DATASET EXTRACT:
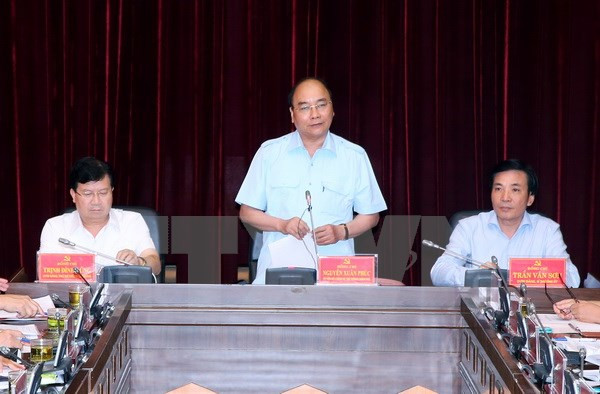 Le chef du gouvernement incite Diên Biên à développer le tourisme ảnh 1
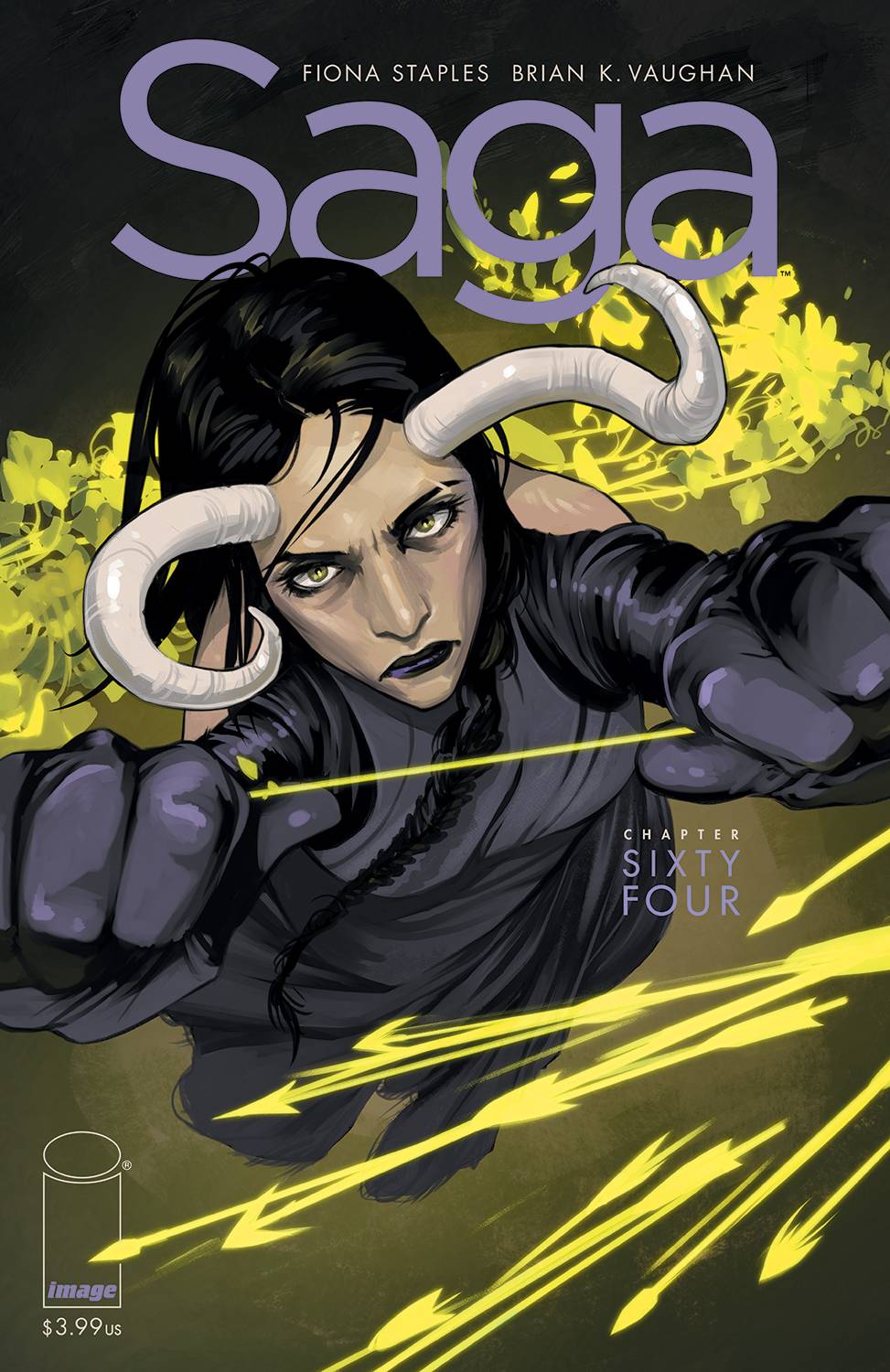 Saga #64 (MR) (STL263796)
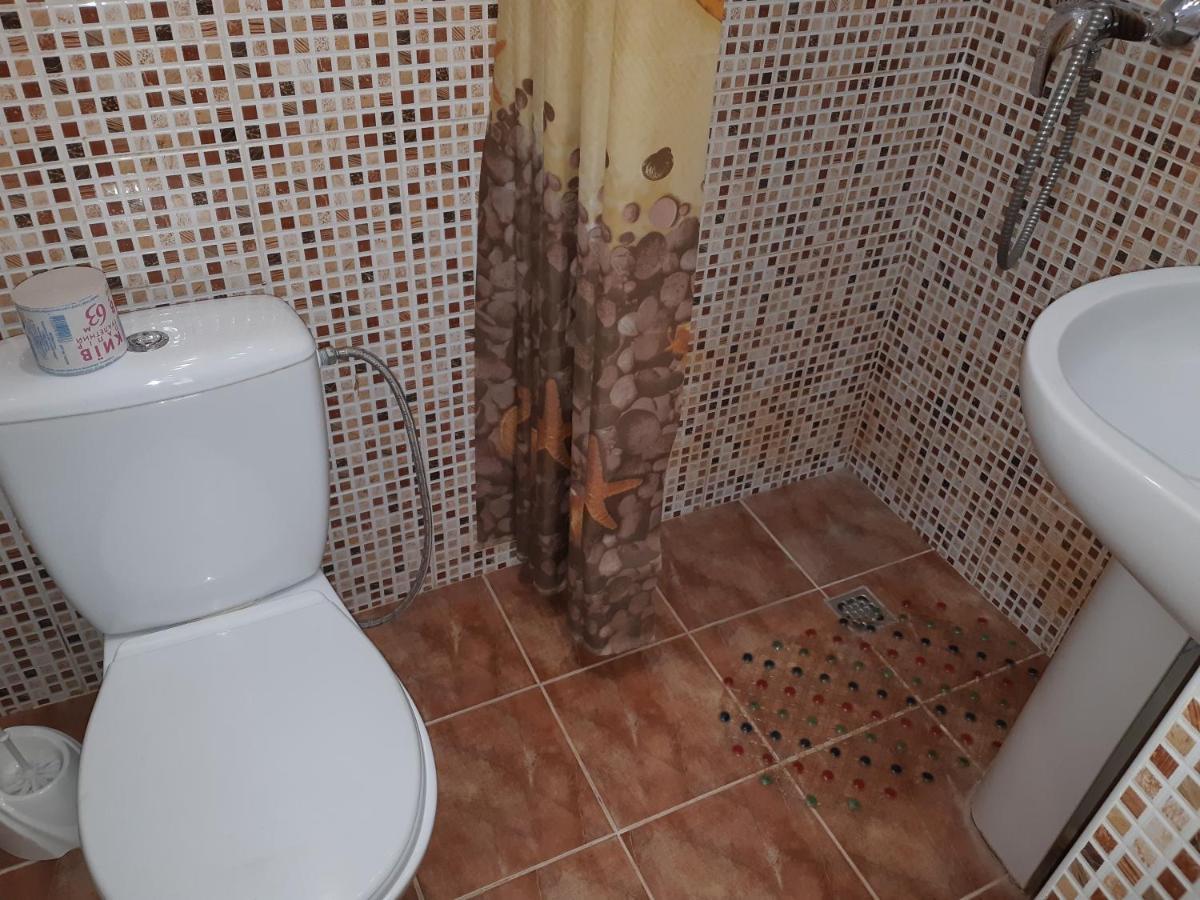 Отель Маленький Рай Zatoka Zewnętrze zdjęcie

TASK ITEM: Should there be pictures in the data, leave them out and return the rest exactly.

YOUR RESPONSE:
 Le chef du gouvernement incite Diên Biên à développer le tourisme ảnh 1
 Saga #64 (MR) (STL263796)
 Отель Маленький Рай Zatoka Zewnętrze zdjęcie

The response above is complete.